Material shown >>
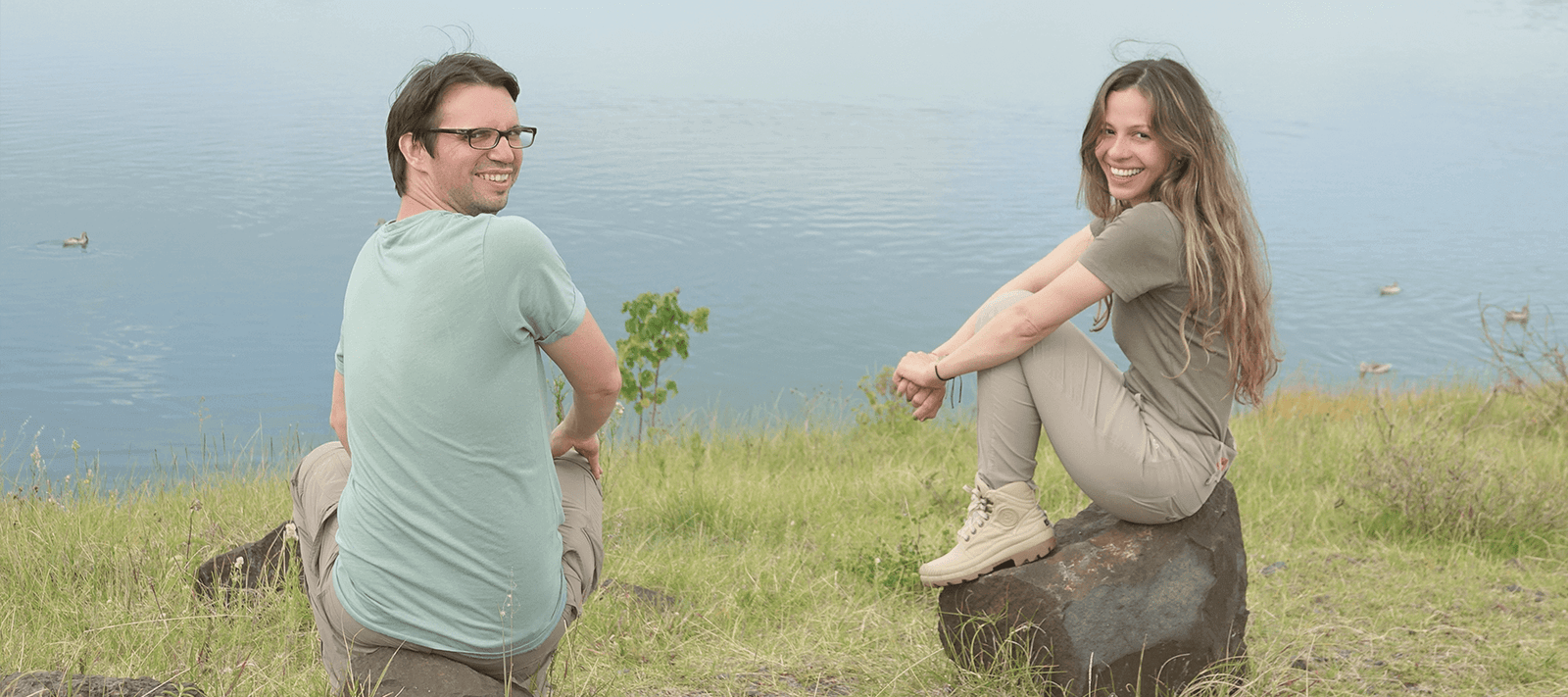 Die Menschen hinter KENA sitzen auf Steinen vor einem See in Afrika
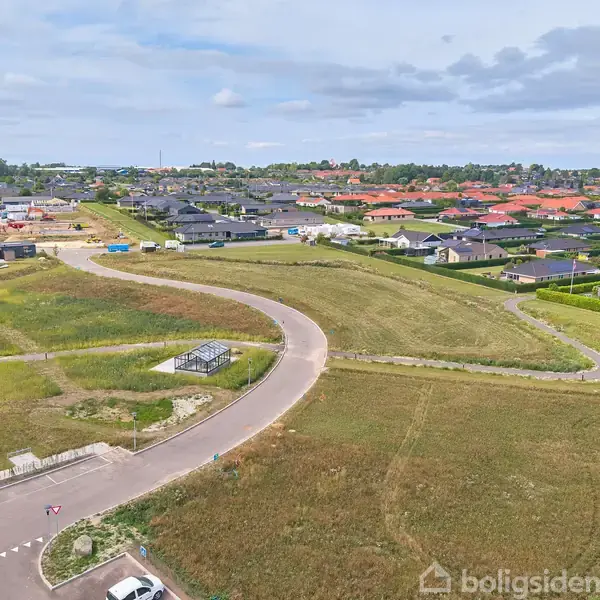 Fremtidig byggeplads vises fra oven, med en snoet vej gennem åbne græsarealer omgivet af nybyggeri og boligområder. Distant horisont med træer og skyet himmel skaber en fredfyldt scene.
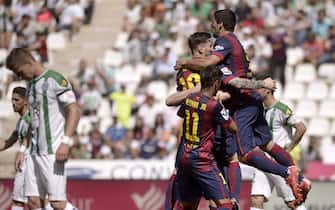 FC Barcelona's Argentinian striker Lionel Messi (2L) jubilates a goal against Cordoba during their Primera Division soccer match played at Nuevo Arcangel stadium in Cordoba, Andalusia, Spain on 02 May 2015. EFE/Salas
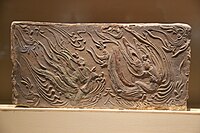 Winged xian flying in the heavens, Dengzhou painted stone-relief [zh], Liu Song dynasty.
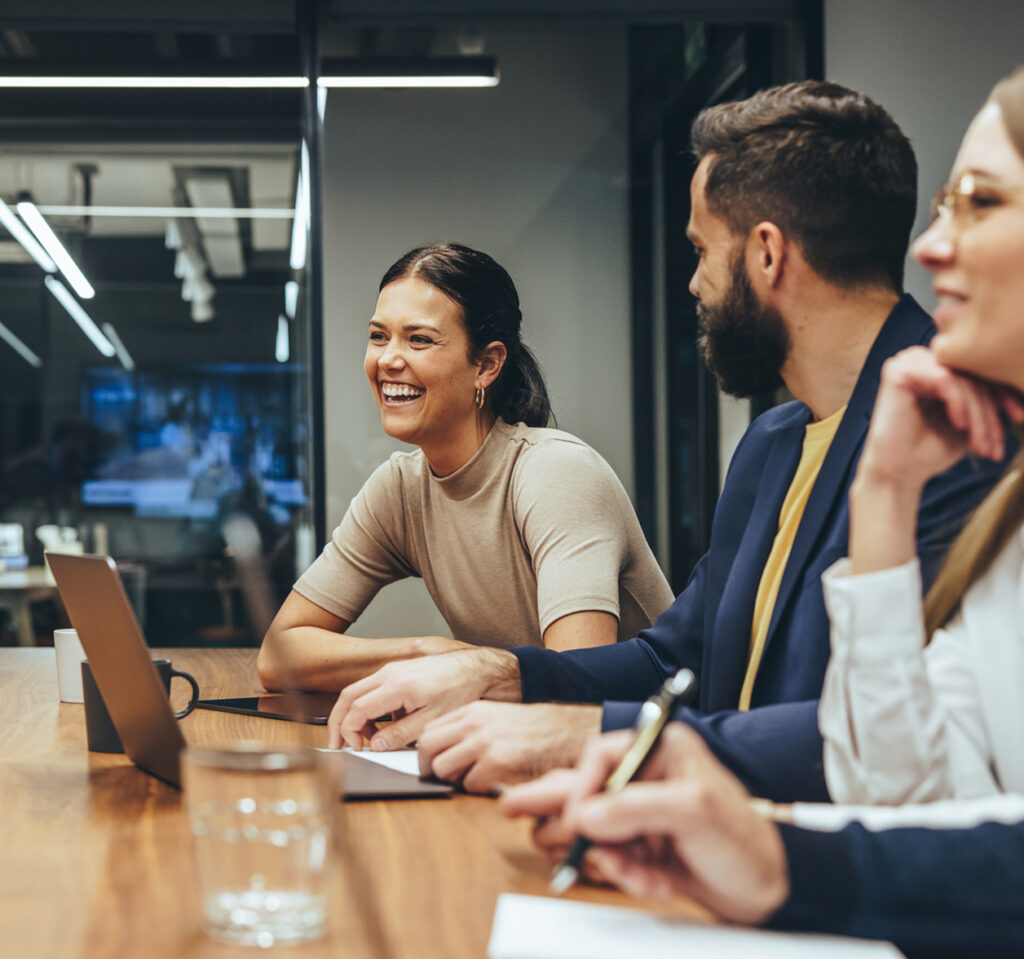 A few people smiling in a conference room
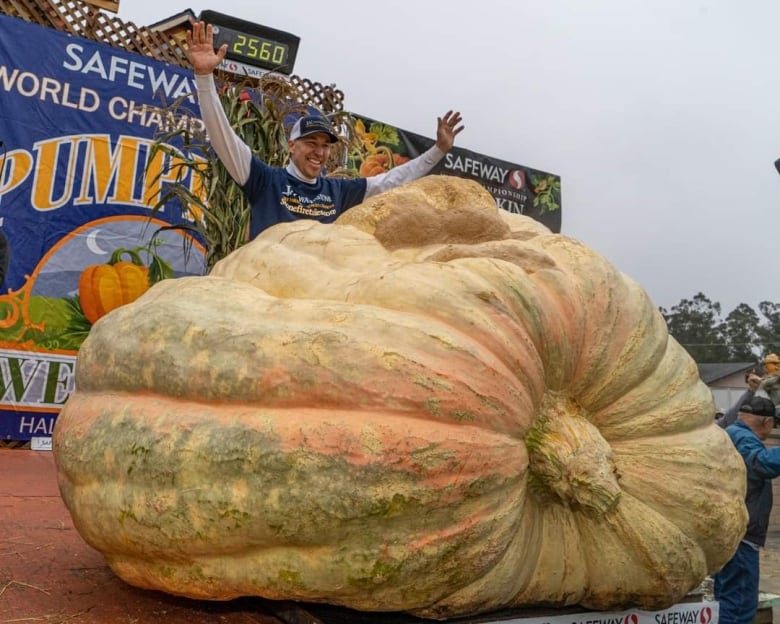 A man stands on a stage behind a massive pumpkin the size of a dumpster, holding his hands above his head.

What to produce >> Exactly the lines from the line that contains "A few people smiling in a conference room" through the last line above, and no other lines, must be output, with pictures excluded.

Response to the task >>
 A few people smiling in a conference room
 A man stands on a stage behind a massive pumpkin the size of a dumpster, holding his hands above his head.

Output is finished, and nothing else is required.